BEGIN Records provided

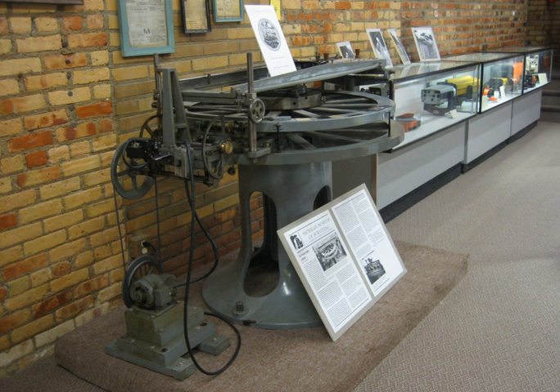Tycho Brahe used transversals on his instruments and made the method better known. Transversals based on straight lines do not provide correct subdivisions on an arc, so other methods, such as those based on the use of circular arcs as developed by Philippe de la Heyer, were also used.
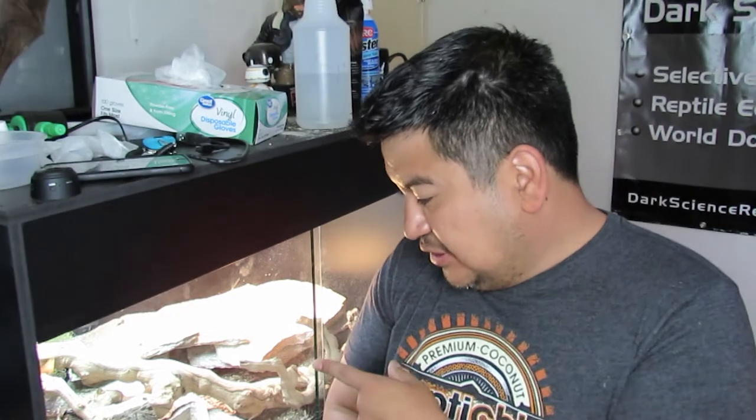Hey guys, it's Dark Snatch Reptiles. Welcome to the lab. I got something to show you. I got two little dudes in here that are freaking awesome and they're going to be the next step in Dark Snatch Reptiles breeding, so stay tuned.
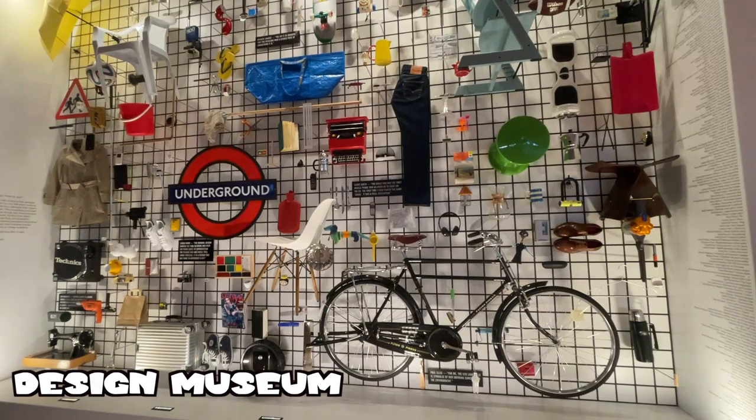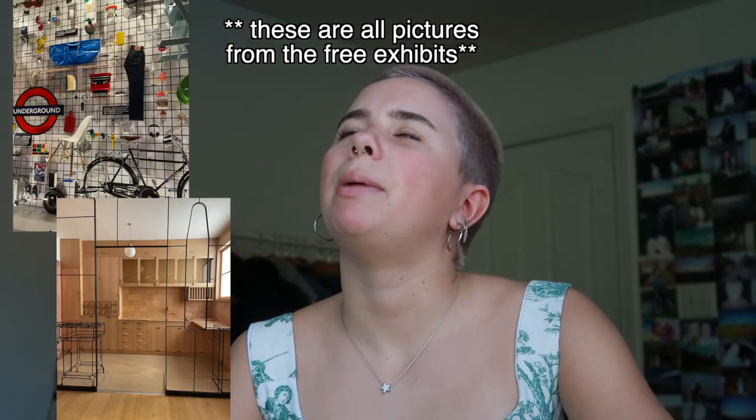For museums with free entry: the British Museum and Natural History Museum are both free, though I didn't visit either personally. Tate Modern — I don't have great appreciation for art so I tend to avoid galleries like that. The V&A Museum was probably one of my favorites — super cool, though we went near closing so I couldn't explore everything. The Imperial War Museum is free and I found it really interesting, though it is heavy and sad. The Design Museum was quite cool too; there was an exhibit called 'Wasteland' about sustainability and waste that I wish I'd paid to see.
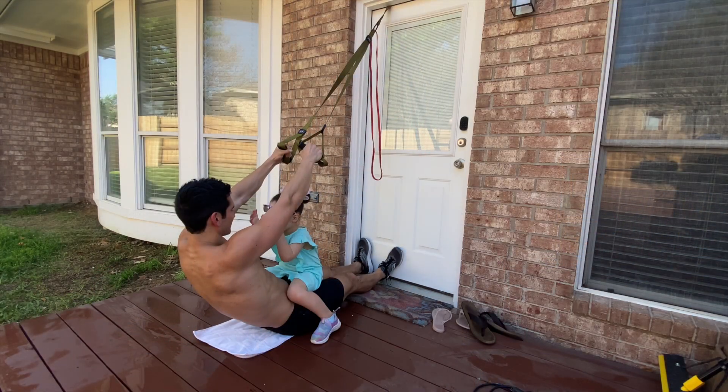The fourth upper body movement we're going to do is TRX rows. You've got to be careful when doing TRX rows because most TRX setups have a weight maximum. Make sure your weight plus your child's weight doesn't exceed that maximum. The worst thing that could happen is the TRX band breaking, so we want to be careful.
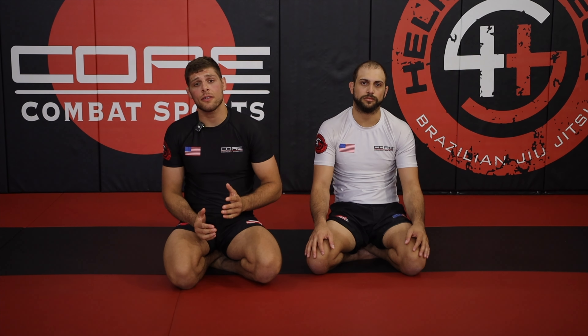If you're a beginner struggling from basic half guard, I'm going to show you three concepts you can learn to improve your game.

END Records provided

▶ [Directions]: Output the data above exactly; pictures do not belong in the copy.

▶ [Result of this task]:
Tycho Brahe used transversals on his instruments and made the method better known. Transversals based on straight lines do not provide correct subdivisions on an arc, so other methods, such as those based on the use of circular arcs as developed by Philippe de la Heyer, were also used.
Hey guys, it's Dark Snatch Reptiles. Welcome to the lab. I got something to show you. I got two little dudes in here that are freaking awesome and they're going to be the next step in Dark Snatch Reptiles breeding, so stay tuned.
For museums with free entry: the British Museum and Natural History Museum are both free, though I didn't visit either personally. Tate Modern — I don't have great appreciation for art so I tend to avoid galleries like that. The V&A Museum was probably one of my favorites — super cool, though we went near closing so I couldn't explore everything. The Imperial War Museum is free and I found it really interesting, though it is heavy and sad. The Design Museum was quite cool too; there was an exhibit called 'Wasteland' about sustainability and waste that I wish I'd paid to see.
The fourth upper body movement we're going to do is TRX rows. You've got to be careful when doing TRX rows because most TRX setups have a weight maximum. Make sure your weight plus your child's weight doesn't exceed that maximum. The worst thing that could happen is the TRX band breaking, so we want to be careful.
If you're a beginner struggling from basic half guard, I'm going to show you three concepts you can learn to improve your game.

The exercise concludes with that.